Van Herpen’s eleven-piece collection featured two 3D printed ensembles, including an elaborate skirt and cape created in collaboration with artist, architect, designer and professor Neri Oxman from Massachusetts Institute of Technology (MIT’s) Media Lab, and 3D printed by Stratasys. An intricate dress was also designed in collaboration with Austrian architect Julia Koerner, currently lecturer at UCLA Los Angeles, and 3D printed by Materialise, marking the second piece created together with Koerner and the ninth with Materialise.

The 3D printed skirt and cape were produced using Stratasys’ unique Objet Connex multi-material 3D printing technology, which allows a variety of material properties to be printed in a single build. This allowed both hard and soft materials to be incorporated within the design, crucial to the movement and texture of the piece. ‘The ability to vary softness and elasticity inspired us to design a ‘second skin’ for the body acting as armour-in-motion; in this way we were able to design not only the garment’s form but also its motion,’ said Oxman. ‘The incredible possibilities afforded by these new technologies allowed us to reinterpret the tradition of couture as ‘tech-couture’ where delicate hand-made embroidery and needlework is replaced by code.’

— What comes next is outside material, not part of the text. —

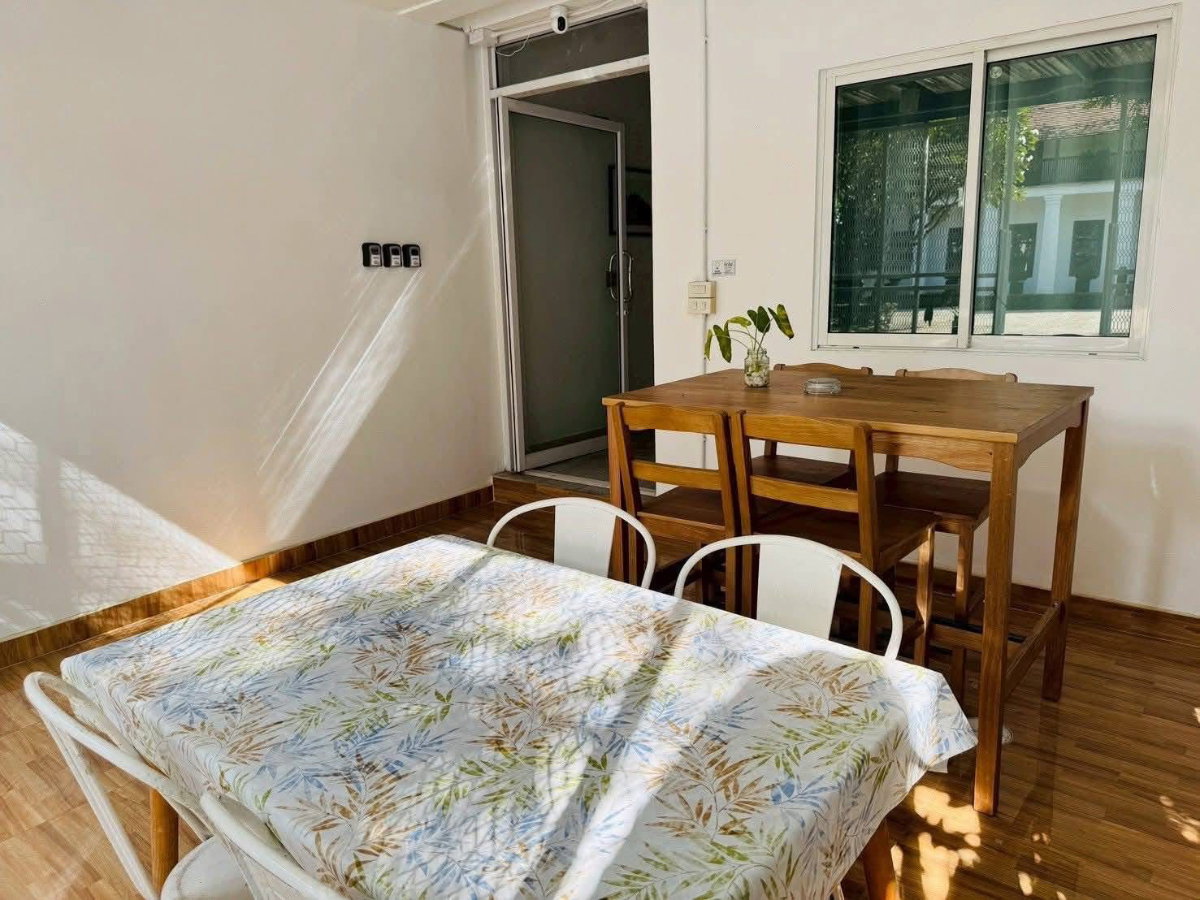 รูป ทาวเฮ้าส์ให้เช่า ทำ Airbnb หลังวัดพระสิงห์   OLD TOWN.  3ห้องนอน3ห้องน้ำ - รูปที่ 4/8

Van Herpen adds, ‘I feel it’s important that fashion can be about much more than consumerism, but also about new beginnings and self-expression, so my work very much comes from abstract ideas and using new techniques, not the re-invention of old ideas. I find the process of 3D printing fascinating because I believe it will only be a matter of time before we see the clothing we wear today produced with this technology, and it’s because it’s such a different way of manufacturing, adding layer-by-layer, it will be a great source of inspiration for new ideas.’